▶ [Work to complete]: Among the records below, find the line with "VidaXL MOLDE barna" and the line with "Elegant Rhinestone Square". Set down both and every line between, exactly and with no pictures, but nothing else.

▶ [Supplied entries]:
###
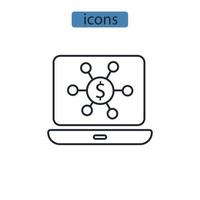 Fintech-Symbole symbolisieren Vektorelemente für das Infografik-Web vektor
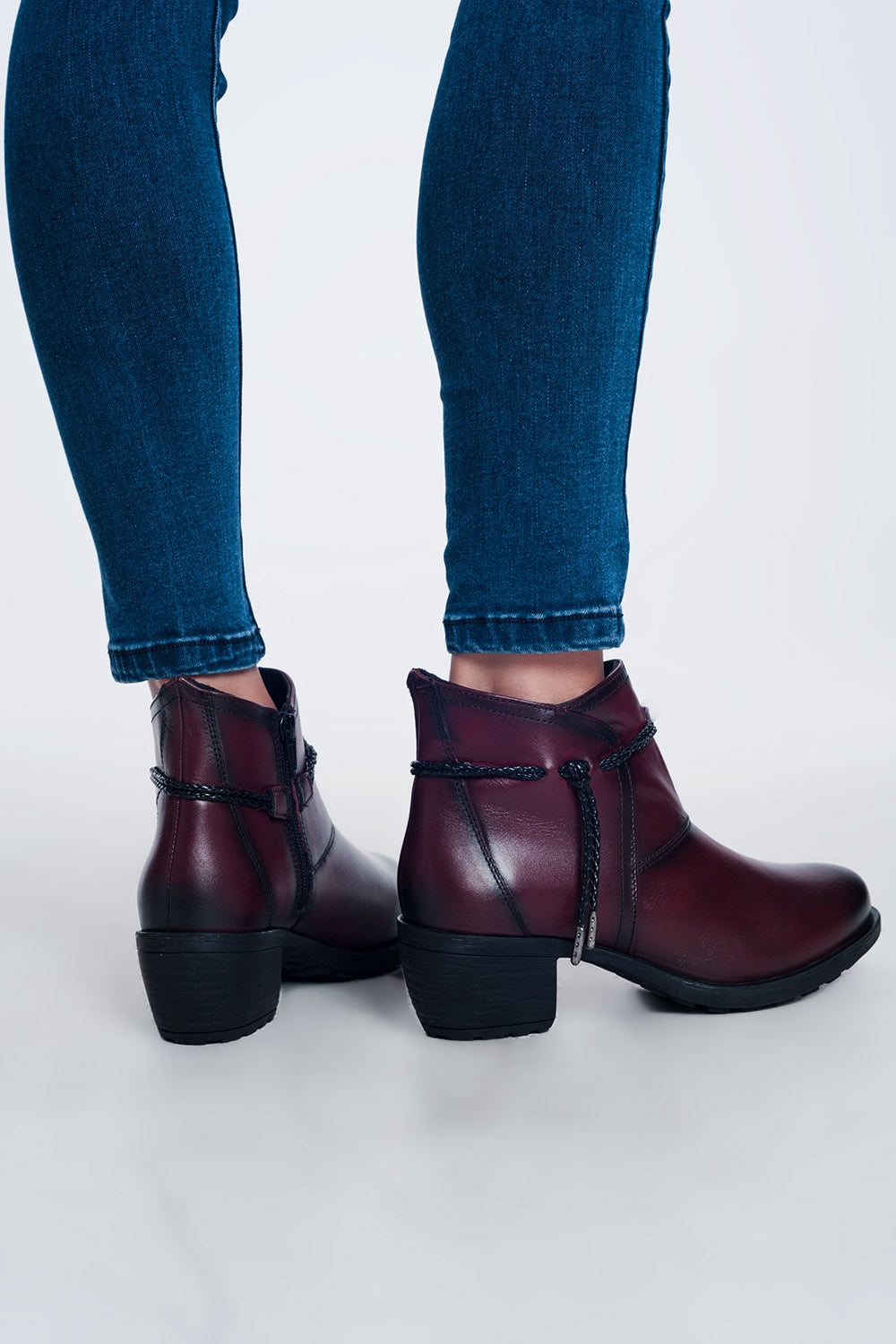 Dark brown blocked mid heeled ankle boots with round toe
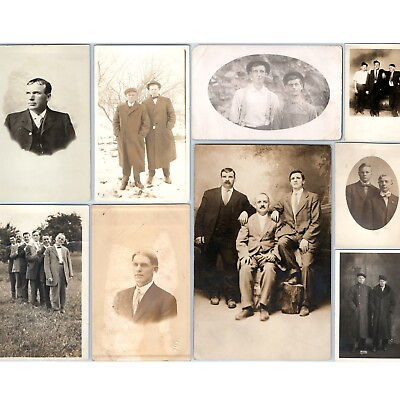 #ad x9 LOT c1910s Men Portrait Outdoor RPPC People Friends Boys Real Photos Old A176 $10.25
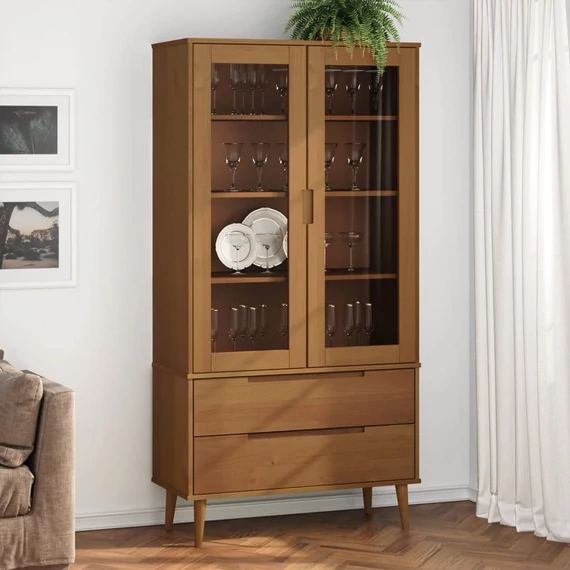 VidaXL MOLDE barna tömör fenyőfa vitrin szekrény 90 x 35 x 175 cm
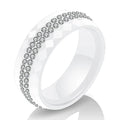 Eleganter Keramikring für Damen – Schwarz & Weiß mit Kristall
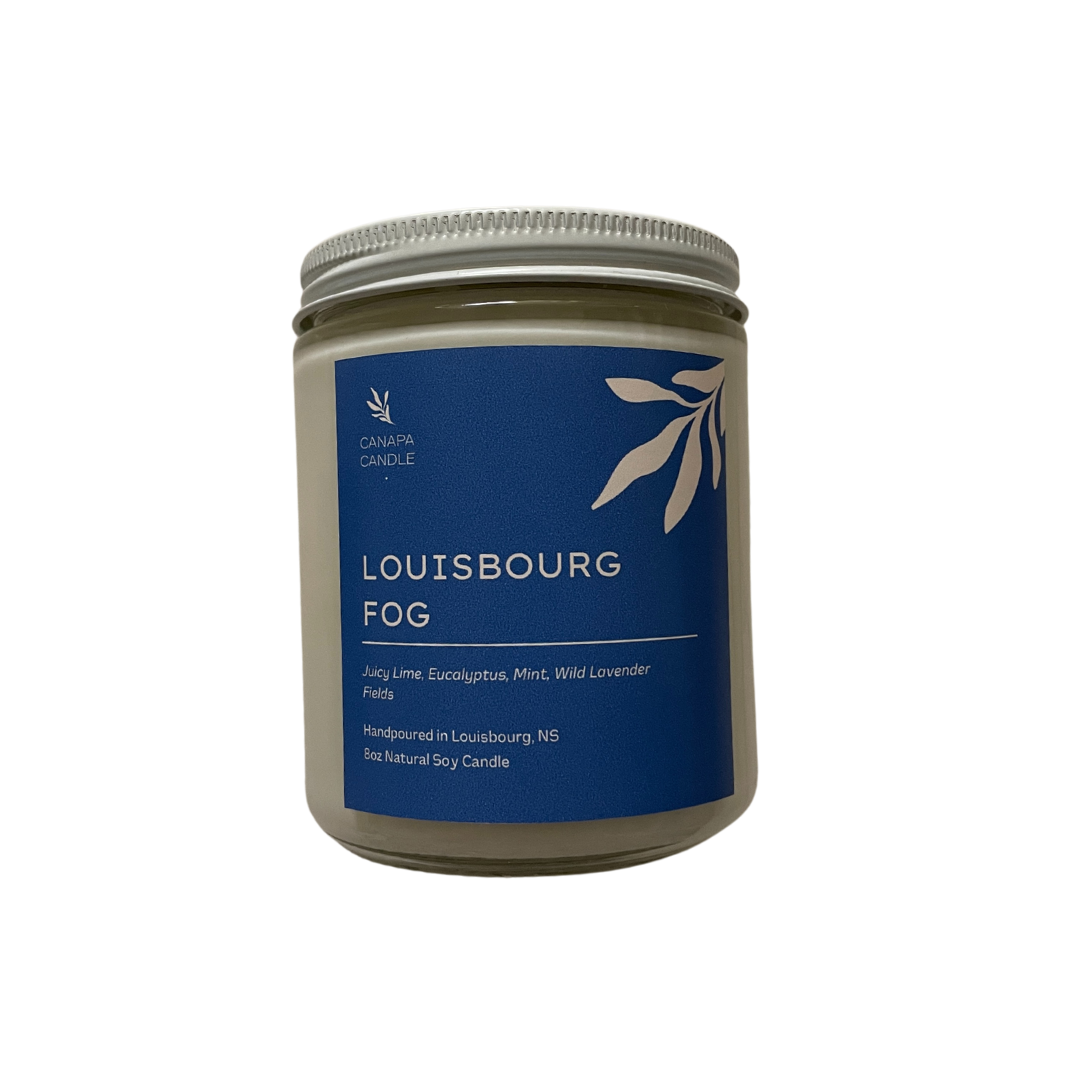 Louisbourg Fog - Louisbourg Lighthouse Centennial Soy Candle - Juicy Lime, Eucalyptus and Wild Lavender Fields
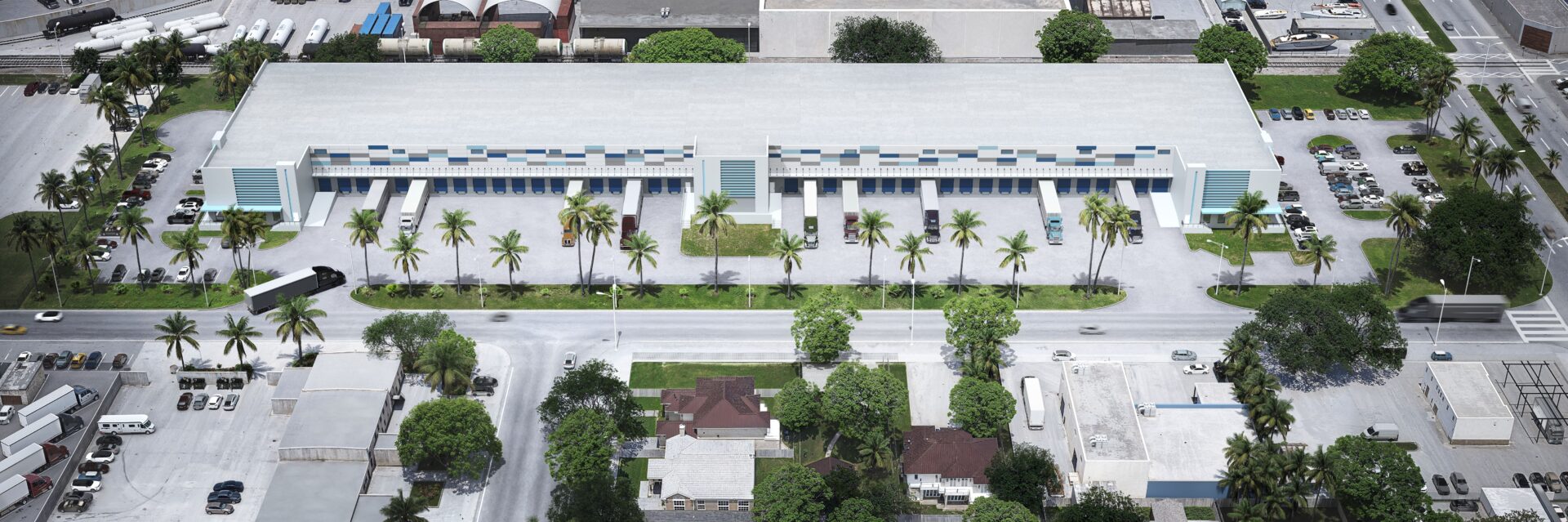 The Top Of A Building With Palm Trees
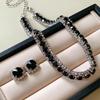 Elegant Rhinestone Square Earrings & Necklace Set – Light Luxury Clavicle Chain Jewelry for Fashionable Evening Wear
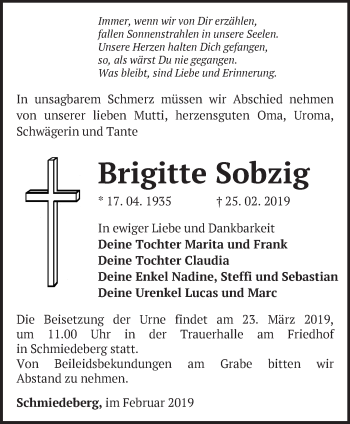 Traueranzeige von Brigitte Sobzig von Märkische Oderzeitung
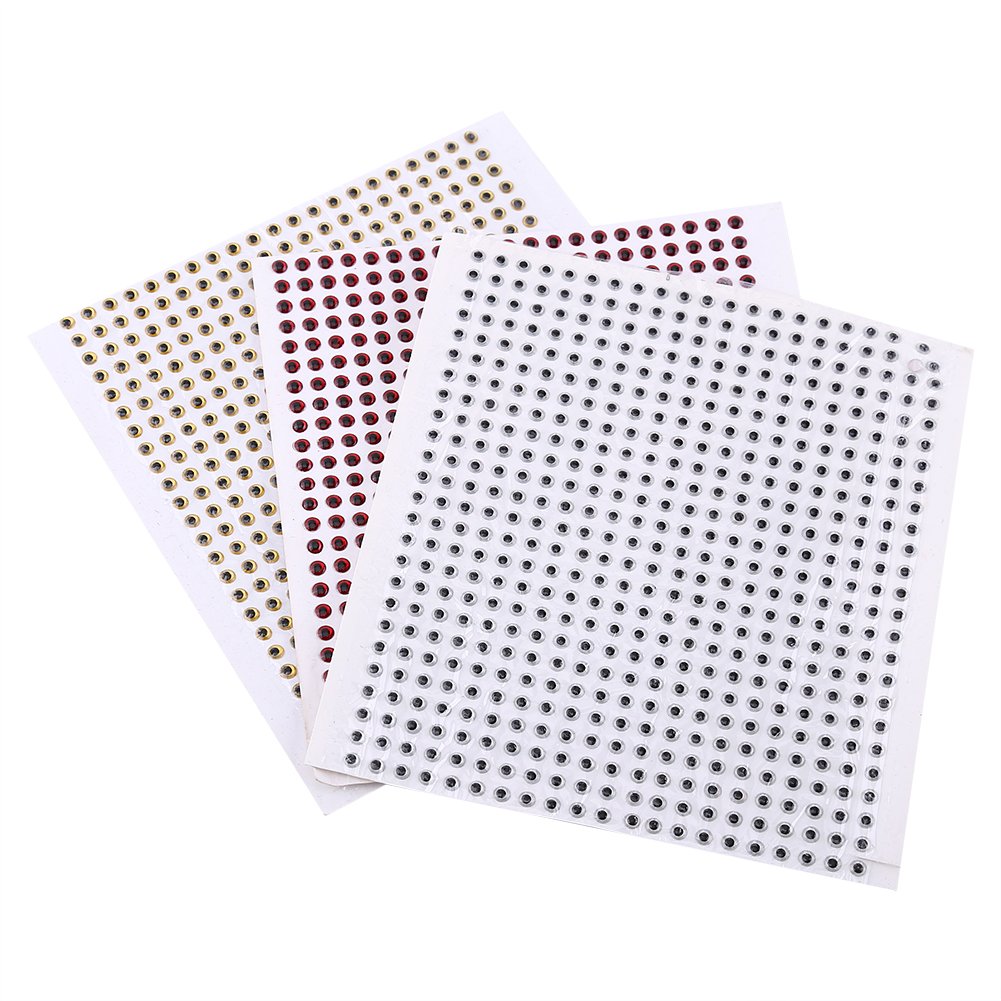 Alomejor 500PCS 3D epossidico occhi da pesca per esche Lure fai da te 3 MM4 MM5MM Lifelike Fish Eye occhi artificiale pesce esca Eye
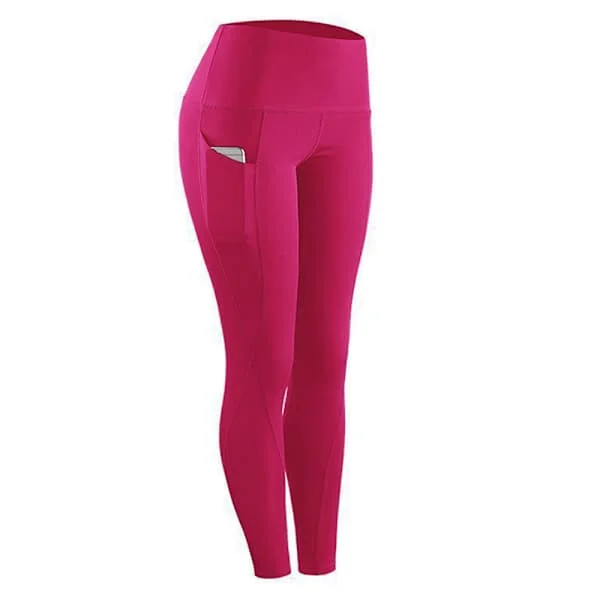 Yoga Byxor för Kvinnor med Fickor Hög Midja Tränings Tights Rosa Rosa M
###
▶ [Completed exercise]:
 VidaXL MOLDE barna tömör fenyőfa vitrin szekrény 90 x 35 x 175 cm
 Eleganter Keramikring für Damen – Schwarz & Weiß mit Kristall
 Louisbourg Fog - Louisbourg Lighthouse Centennial Soy Candle - Juicy Lime, Eucalyptus and Wild Lavender Fields
 The Top Of A Building With Palm Trees
 Elegant Rhinestone Square Earrings & Necklace Set – Light Luxury Clavicle Chain Jewelry for Fashionable Evening Wear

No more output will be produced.